Liguria Insieme invita il sindaco Mager a superare gli steccati politici chiedendo la collaborazione dei professionisti che per preparazione tecnica e conoscenza dei territori possano aiutarlo concretamente a individuare la soluzione migliore che garantisca l’interesse pubblico dell’intera comunità sanremese.
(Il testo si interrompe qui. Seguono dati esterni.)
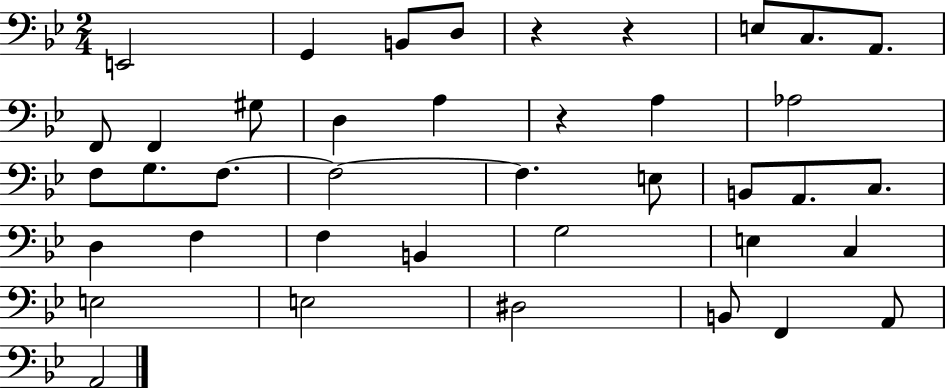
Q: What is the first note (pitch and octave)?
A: E2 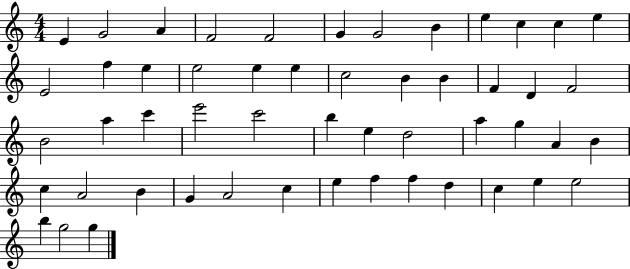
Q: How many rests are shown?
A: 0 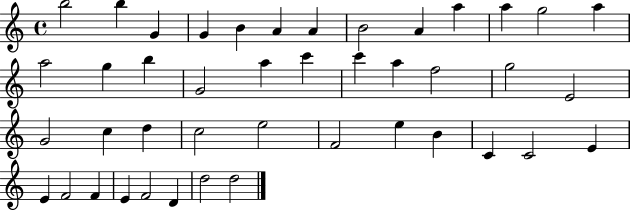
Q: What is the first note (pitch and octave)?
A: B5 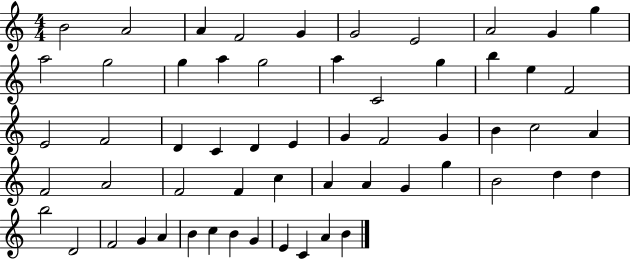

“Ci sono ingegneri – prosegue Bissolotti - che hanno dimostrato, anche in occasione della recente commissione consigliare, di operare solo nell’interesse generale e potrebbero affiancare il sindaco in una prossima riunione con Anas e Ministero proponendo soluzioni logiche e percorribili per la scelta degli svincoli di Foce e collegamento autostradale. Ricordiamo che l’Aurelia Bis è proprietà dello Stato e viene progettata e realizzata da Anas. Infine, con l’obiettivo di accelerare la procedura, tenendo conto che per il momento è finanziata solo la progettazione dell’intera tratta e non la sua realizzazione, se attendiamo il reperimento dei fondi per l’intera opera, si rischia di ritardare di numerosi anni l’inizio dei lavori. A questo punto si potrebbe proporre al ministero delle infrastrutture e ad Anas di intervenire a lotti garantendo in tempi brevi la copertura dei costi almeno per la costruzione dello svincolo della Foce”.